Unusual choice of colors for a nursery. Cool gig. Now that Ultra Spec is so good and so affordable we haven't used the Natura in quite a while. I agree it is a great paint though. Covers similar to Aura. But then I think most of the gennex paints do.


----------



## South-FL-Painter (Jan 17, 2012)

Monstertruck said:


> How on earth did the crew get any work done with that great view? Interesting colors! Would be cool to see what it looks like when the giraffes are done.

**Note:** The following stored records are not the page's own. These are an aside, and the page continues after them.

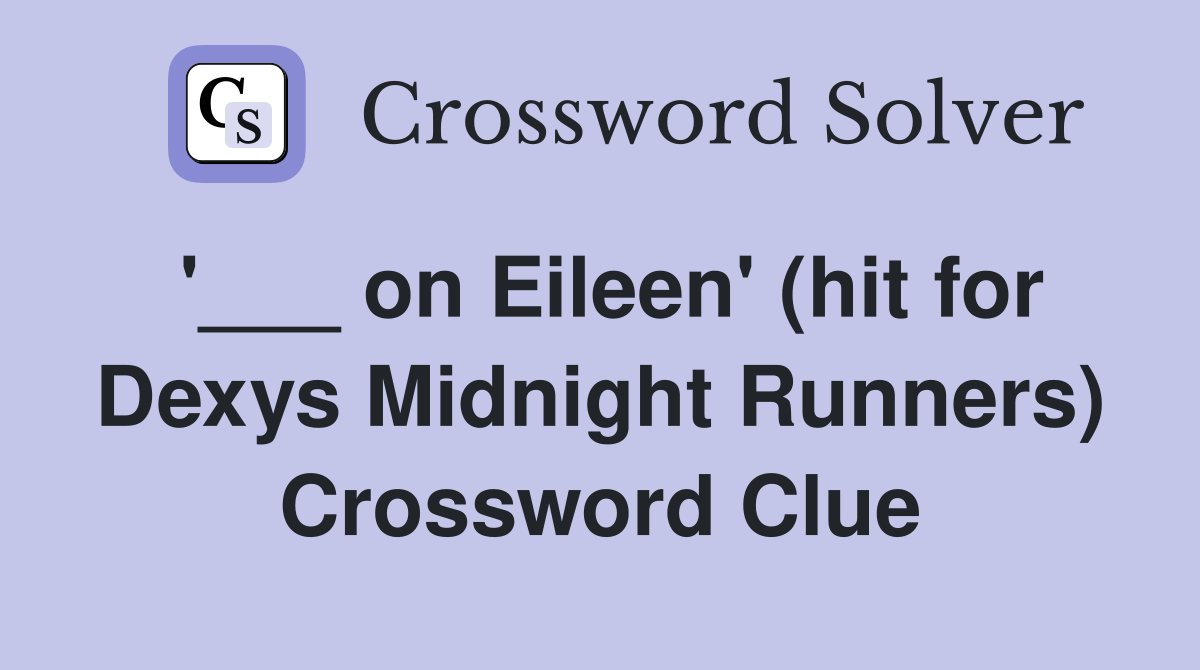 '___ on Eileen' (hit for Dexys Midnight Runners) Crossword Clue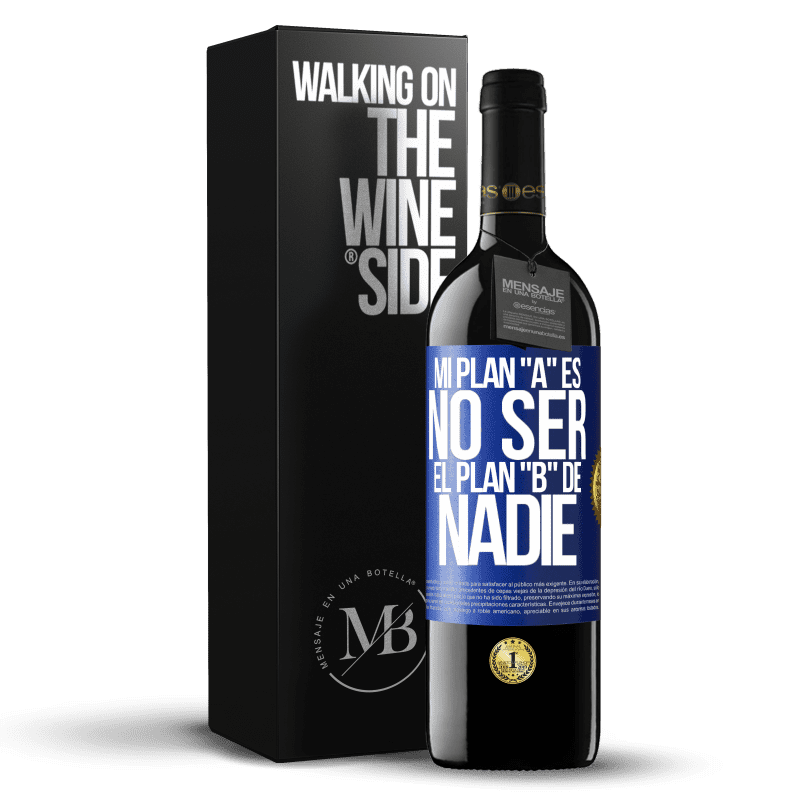 39,95 € Envío gratis | Vino Tinto Edición RED MBE Reserva Mi plan A es no ser el plan B de nadie Etiqueta Azul. Etiqueta personalizable Reserva 12 Meses Cosecha 2015 Tempranillo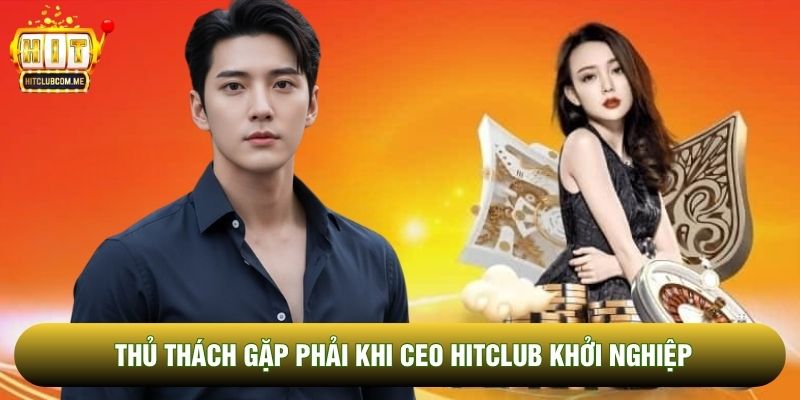 Thủ thách gặp phải khi CEO Hitclub khởi nghiệp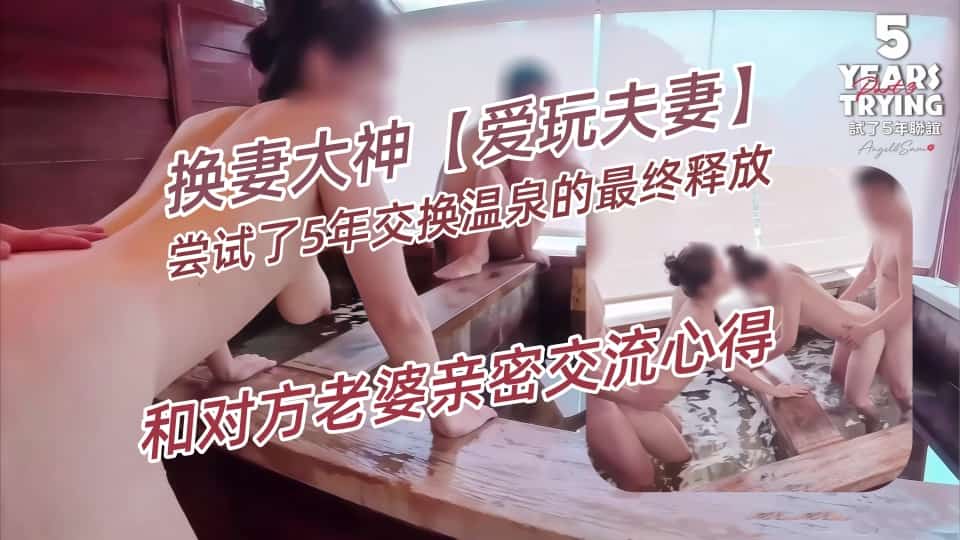 换妻大神【爱玩夫妻】尝试了5年交换温泉的最终释放，第3集，从后面进入，硬挺的肉棒深而有力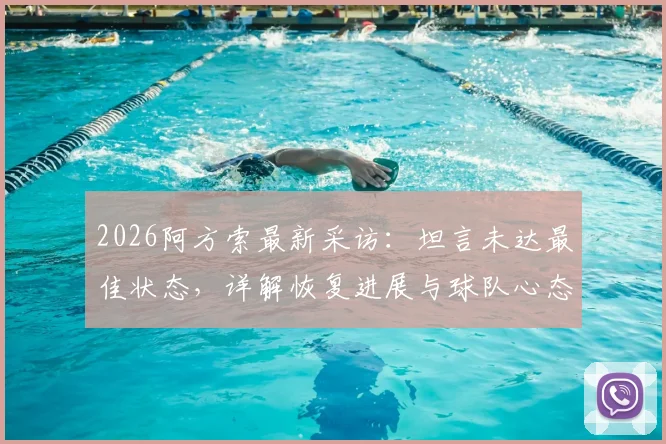 2026阿方索最新采访：坦言未达最佳状态，详解恢复进展与球队心态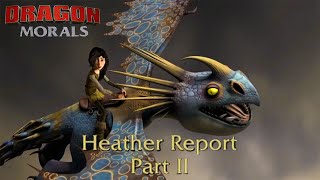 Everything Wrong with Heather Report Part 2  Dragon Morals 11 [upl. by Svensen]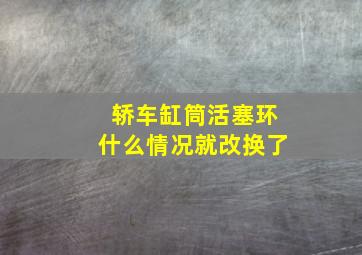 轿车缸筒活塞环什么情况就改换了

I asked her to send me some pics when done.I will update the thread if she does.


----------



## South-FL-Painter (Jan 17, 2012)

scottjr said:


> Looks good. Is that dolphin blue?


No its fairy tale blue


----------



## TJ Paint (Jun 18, 2009)

South-FL-Painter said:


> No its fairy tale blue


Its like living in a fairy tale when using natura...


----------



## TJ Paint (Jun 18, 2009)

Just 597 more of these jems and sean will be happy


----------



## RH (Sep 7, 2010)

TJ Paint said:


> Just 597 more of these jems and sean will be happy


That's what it's all about.


----------



## South-FL-Painter (Jan 17, 2012)

Is it true that bm is the only company that has a true 0voc colorants? I heard that some time ago,that other companies like sw has 0 voc paint but once you mix the color its no more 0voc because colorants they use is not 0voc


----------



## TJ Paint (Jun 18, 2009)

South-FL-Painter said:


> Is it true that bm is the only company that has a true 0voc colorants? I heard that some time ago,that other companies like sw has 0 voc paint but once you mix the color its no more 0voc because colorants they use is not 0voc


Sw has zero voc tints now.


----------



## South-FL-Painter (Jan 17, 2012)

TJ Paint said:


> Sw has zero voc tints now.


I asked my sw guy at the local store and he said "I'm not gonna lie to you" our colorants has voc's,he further said that there is sw stores that does 0 voc tints but it is still in testing.we are in south florida so you can expect anything here


----------



## Toolnut (Nov 23, 2012)

Isn't Natura being phased out or is that wrong info?


----------



## TJ Paint (Jun 18, 2009)

South-FL-Painter said:


> I asked my sw guy at the local store and he said "I'm not gonna lie to you" our colorants has voc's,he further said that there is sw stores that does 0 voc tints but it is still in testing.we are in south florida so you can expect anything here


Yeah. Maybe my manager is lying. Although I know they are using acrylics by the way the paint feels. 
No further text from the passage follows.